Olivier também gostou do filme. Adorou ver como eles moravam (meu antropólogo de plantão) - alias isso estava super bem feito, aqueles chinelões deles, as roupas, em NADA parecia coisa da Globo, né? parecia realmente que estavamos visitando a casinha deles. Ele só achou o filme meio lento, mas foi interessante que depois, conversando sobre o filme, eu fui mostrando para ele vários aspectos que pra mim estavam clarissimos no filme mas que ele não tinha visto espontaneamente justamente porque lhe falta uma compreensão da alma brasileira. Por exemplo, entender que a aceitação dos personagens em relação a tudo o que acontece está relacionada a esse "fatalismo" que nos temos (no sentido de "acreditar no destino", que Deus resolve tudo - essa nossa coisa de "até amanhã, se Deus quiser!"); ou seja, a alma brasileira é simples, aceita as coisas que acontecem, não fica enchendo o saco próprio nem o dos outros com altas masturbações filosóficas, vai e faz as coisas e pronto. Ih, tô me complicando. O que eu quero dizer é que não havia no filme nada pentelho do tipo "ela teve altas dúvidas existenciais pensando se ficava com um marido ou outro", não, as coisas eram simples, "divinas", aconteciam; e o inicio do filme ja dá o tom, com aquele "a menstruação não desce" grave do Gilberto Gil e que poderia prenunciar uma tragédia, "mais um filho nesse sertão", mas que nós sabemos que é "pois é, Deus quis assim, mais um filho nesse sertão". 

Além disso, que presente ver o Stênio Garcia tão puro, parecia um bichinho sorrindo, e o Lima Duarte com uma interpretação de cair o queixo de tão sensivel, contido, preguiçoso, parecendo ser o último a entender mas na verdade querendo apenas restaurar uma certa dignidade, fora a Regina Casé que deu um banho, a critica francesa está elogiando ela a beça (e o filme como um todo também), magnanima, MULHER com todas as letras, sem querer fazer joguinho com os maridos, ciúme de um no outro, não; ela é natural, a gente aceita naturalmente o fato de ela ter três maridos. 
 
Comparem o Eu, Tu, Eles com o Jules e Jim; os dois nos deixam no final um sentimento de aceitação, de compreender as motivações mais profundas do triângulo (no caso, "quadrado") amoroso, sem julgar.

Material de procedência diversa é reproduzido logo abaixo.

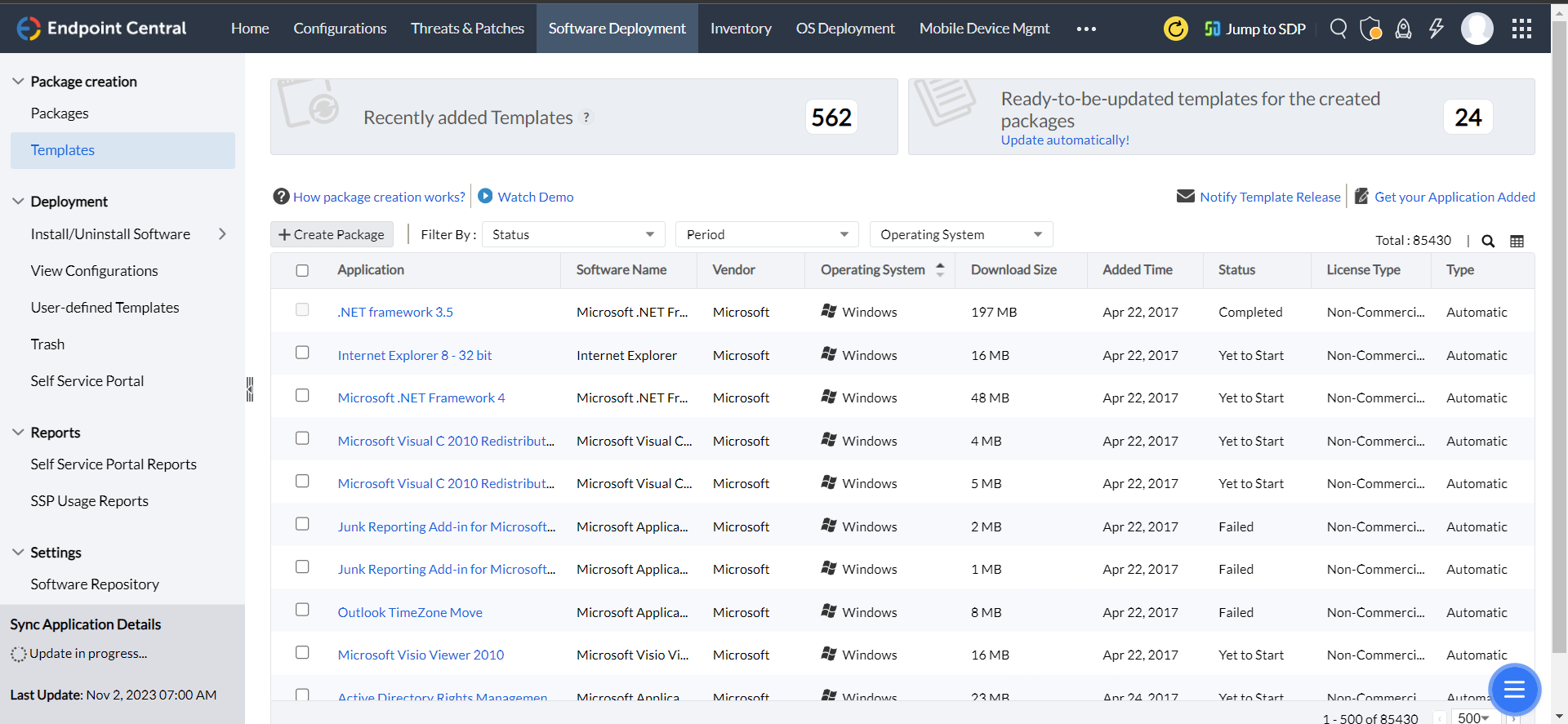 software distribution tools - ManageEngine Endpoint Central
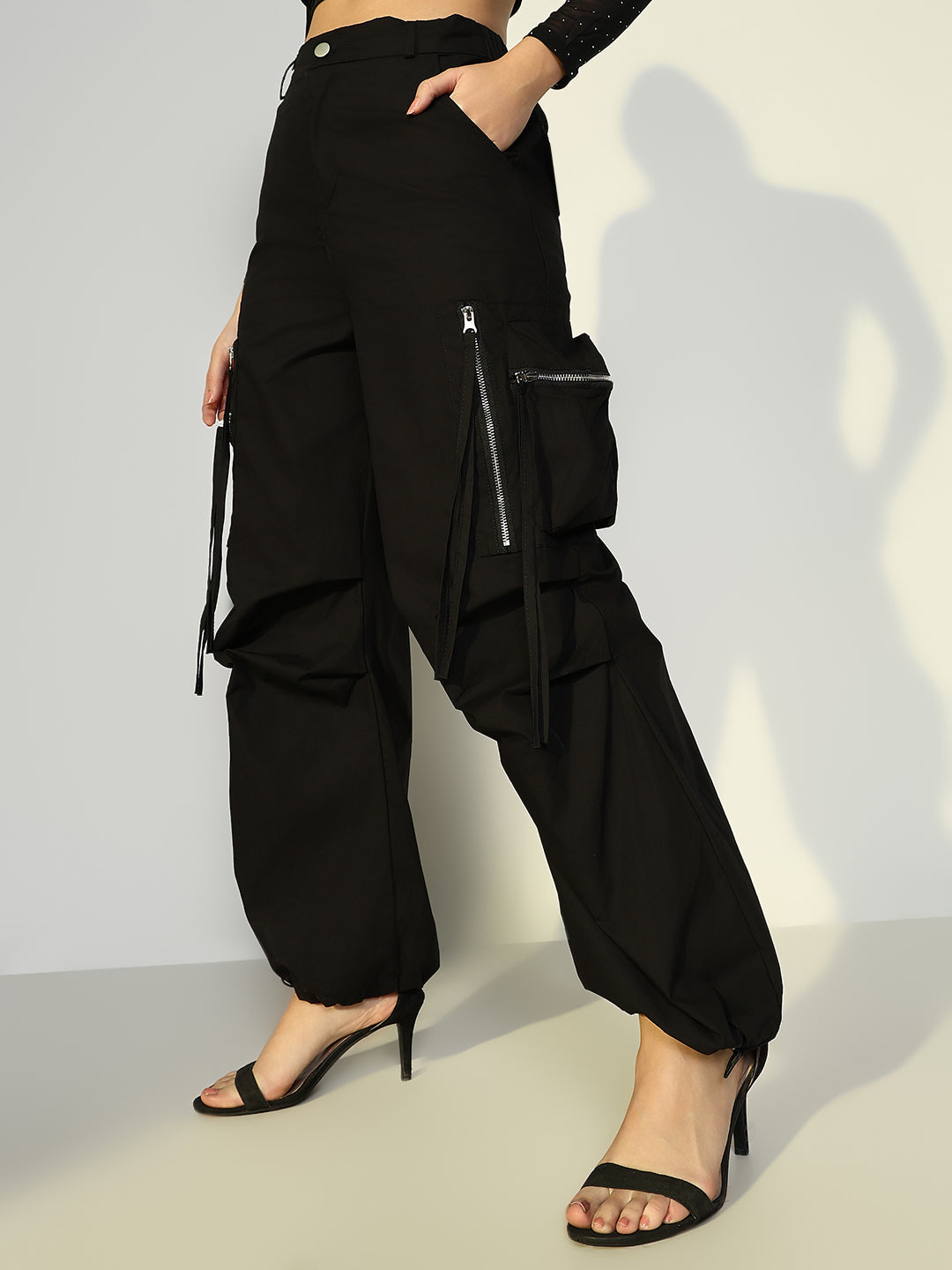 Women Solid Black Parachute Trouser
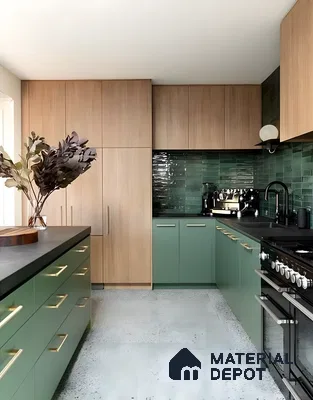 Green Minimalist Kitchen With Wood Accents And Black Hardware | Material Depot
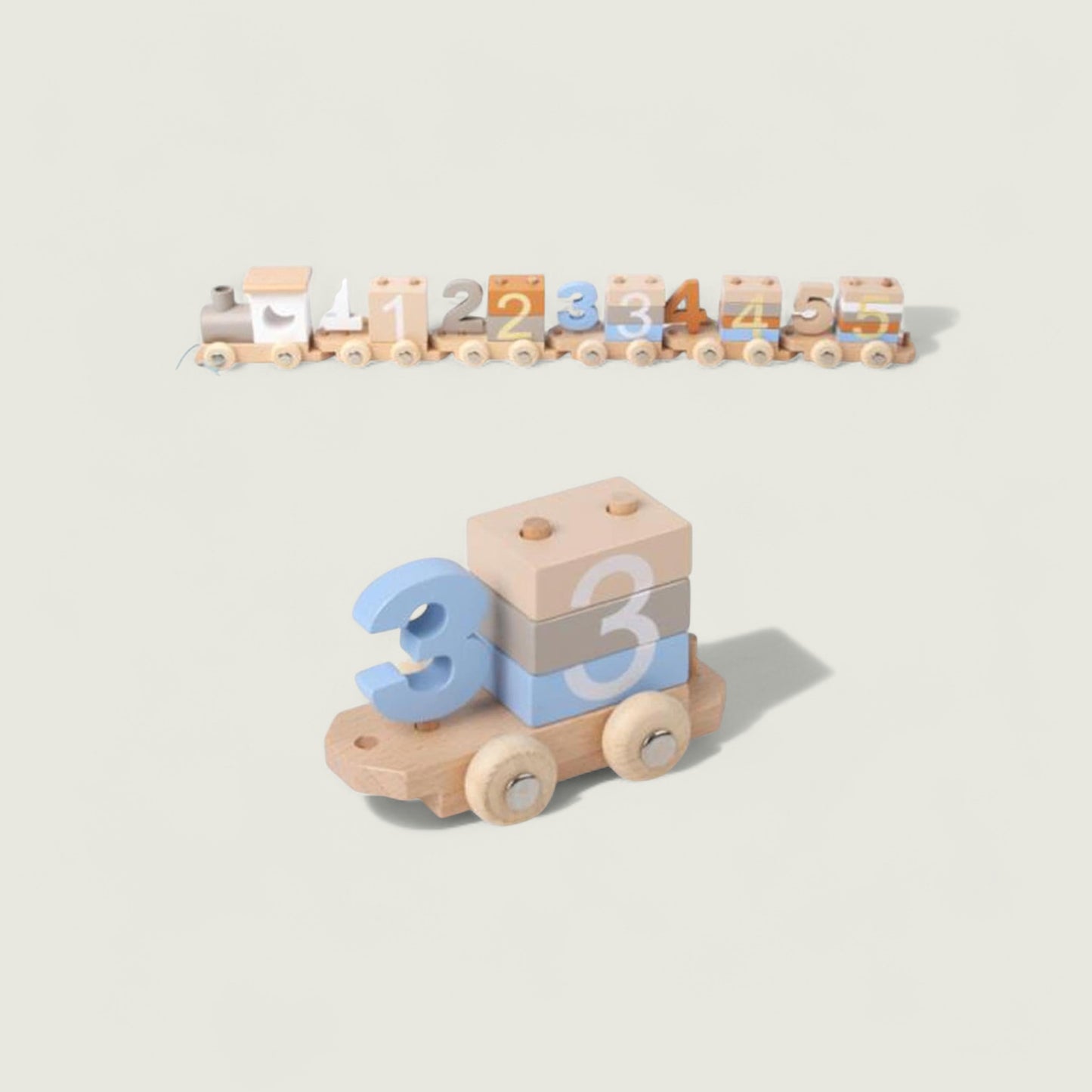 Wooden toy train with number blocks and a set of wooden beads on a light background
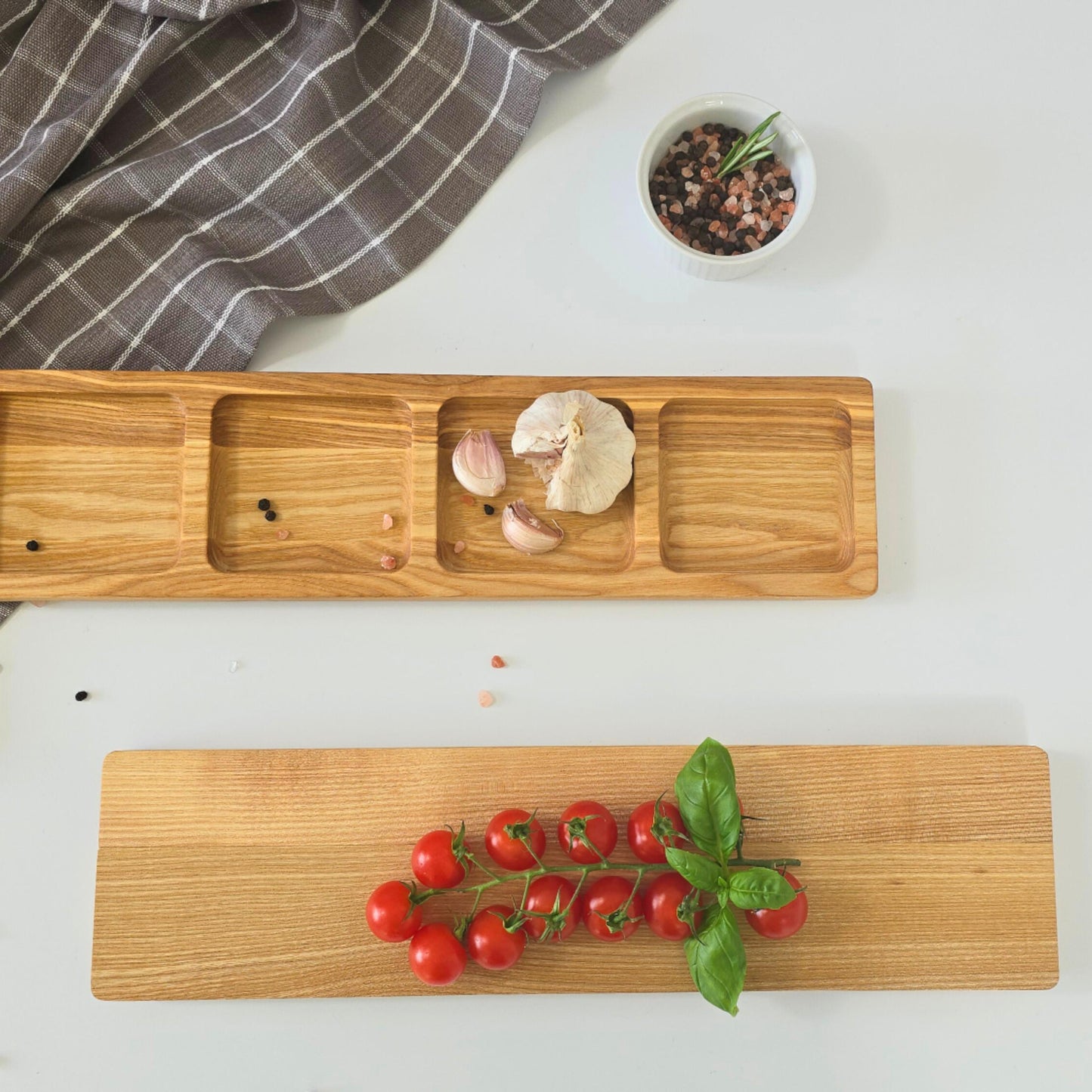 Personalised Long Divided Snacks Tray, Wooden serving tray, Party Food platter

Achei que os franceses não iriam entender varias graças do filme, mas as risadas vieram soltas nos momentos certos. E olha que traduzir "peguei barriga... vou ganhar menino" pelo equivalente em françes a "estou gravida, terei um filho" já mata mais da metade da poesia que nós vemos. E puxa, o Eu, Tu, Eles tem toda uma doçura naquela seca, a gente bebe aquela poeira feliz, de olhinhos fechados e sorrindo como o Stênio Garcia na cena em que ele "captura" as roupas lavadas no açude. 

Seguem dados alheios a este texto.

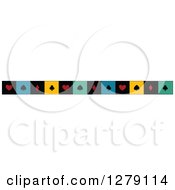 Poster, Art Print Of Colorful Border Of Playing Card Suit Shapes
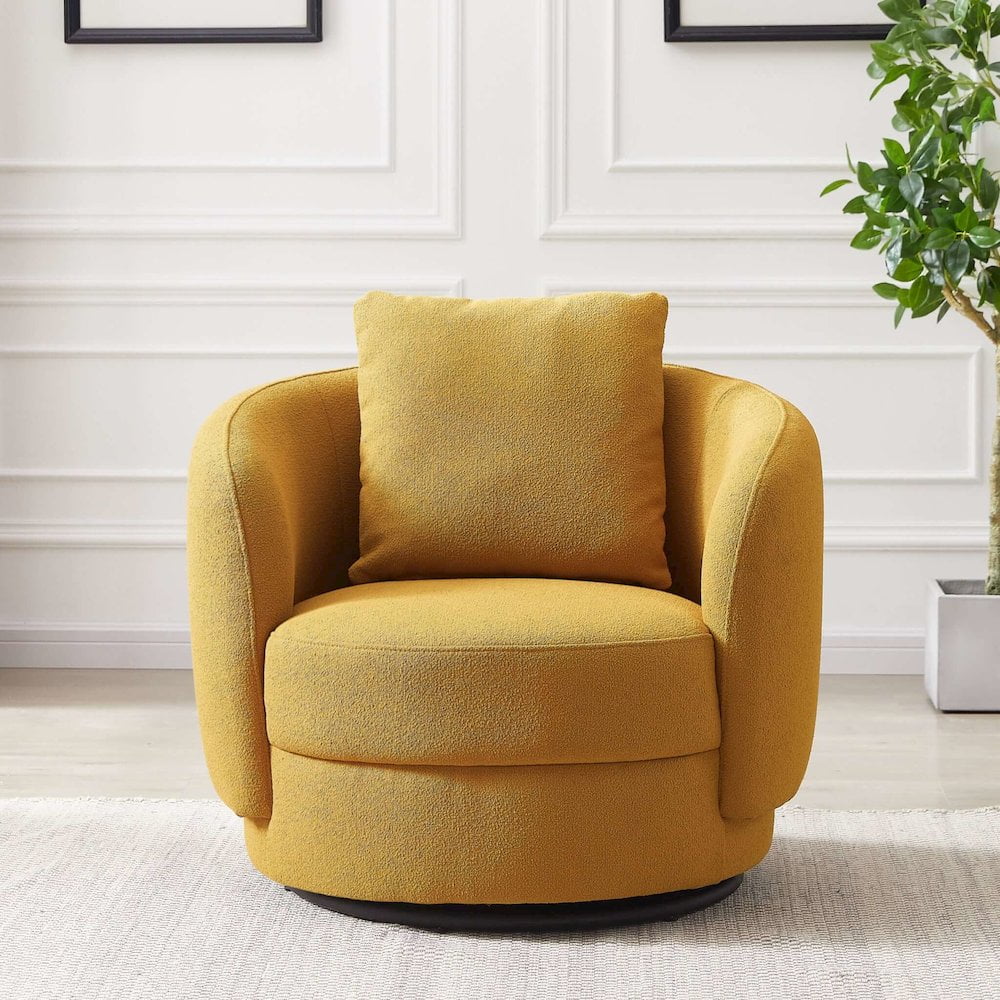 Mid-Century Modern Dark Yellow Microfiber Barrel Accent Chair
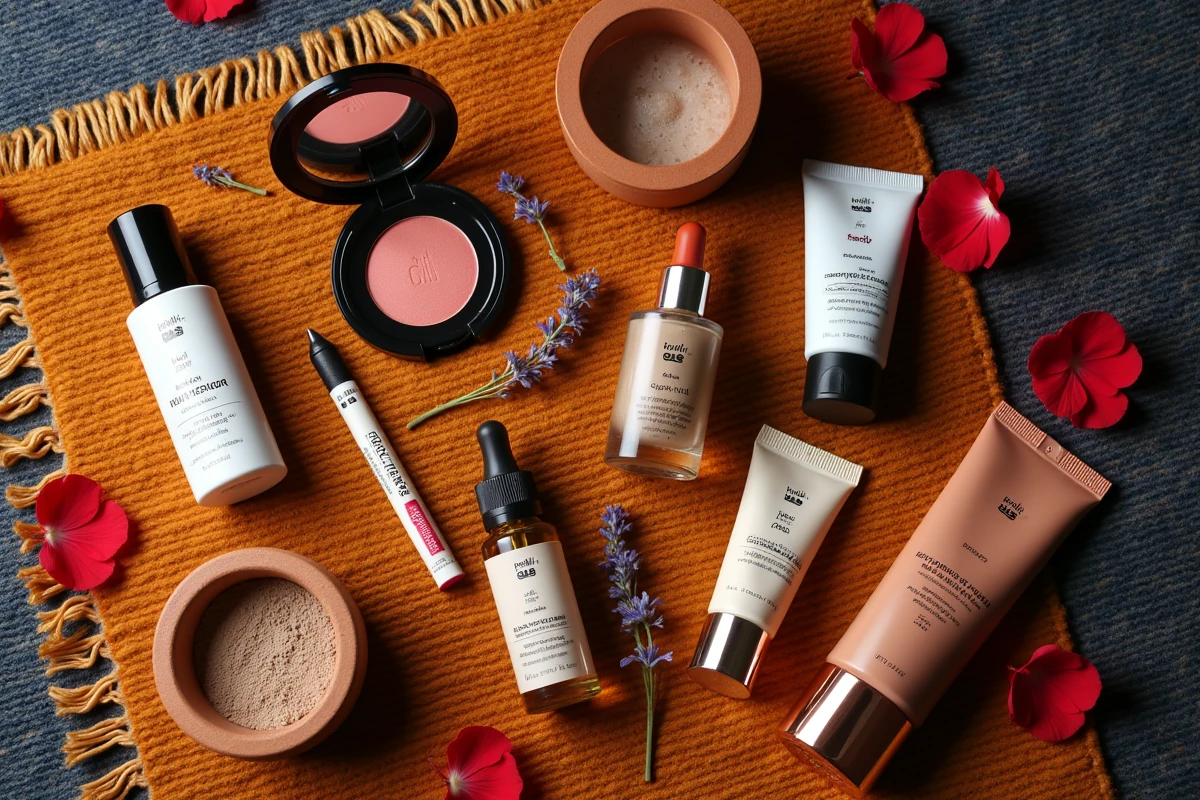 Flatlay de produits de maquillage haut de gamme et abordables sur un tapis marocain traditionnel avec des ingrédients naturels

O filme me fez ter saudade do meu Brasil - esse Brasil que, estando ai, eu nunca conheci de perto, mas que aqui eu quero fazer viver, colocando uma favelinha feita de sucata na estante (que um artesão da Rocinha fez todo orgulhoso porque "essa vai pra longe, vai pra França"), berimbau na parede, Cristo Redentor kitsch no quarto… Fico querendo mostrar pros franceses que o Brasil é todo complexidade, que ele "não é para principiantes", mas que ao mesmo tempo nós somos simples, solidários, pé no chão, e que as revoluções que fazemos são de paz, e em nós mesmos. 

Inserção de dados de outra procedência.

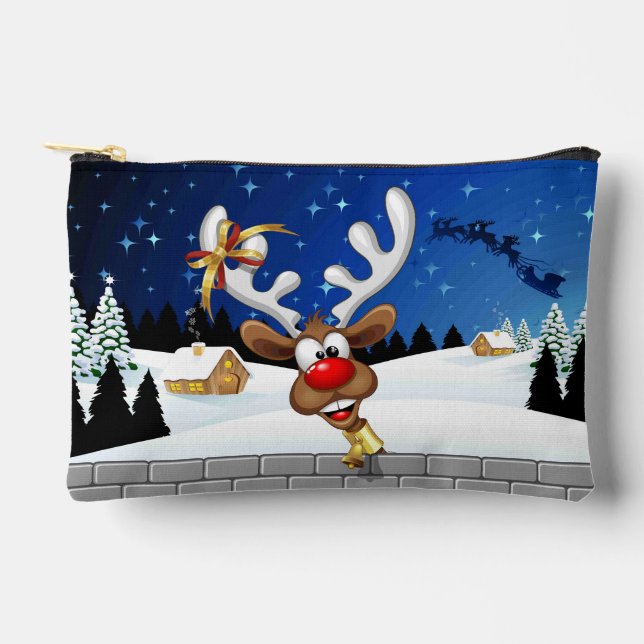Funny Reindeer Peeking Christmas Meme  Accessory Pouch (Front)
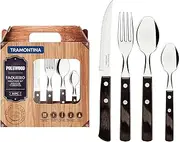 Tramontina Stainless Steel Tableware 24-Pieces Set with Polywood Handles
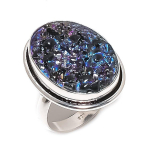 Looduslik Titaan Druzy Gemstone 925 Sterling H&otilde;be Ehted S&otilde;rmuse suurus 6.5 K5N07
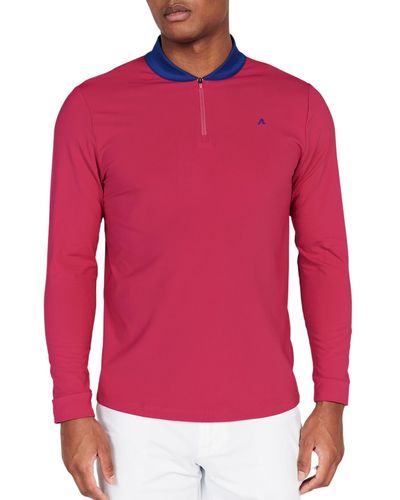 Redvanly Briar Contrast Collar Quarter Zip Pullover - Red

PS: sabe o que mais doi, em morar longe ? não poder dizer "bora lá mais eu" e ter que dizer "você viria comigo?". E, puxa, isso faz toda a diferença. 

Flávia Ballvé-B., quase 27 anos, não pode beber guaraná quando da vontade porque mora em Paris ("mas em compensação aqui os cremes anti-rugas são mais baratos").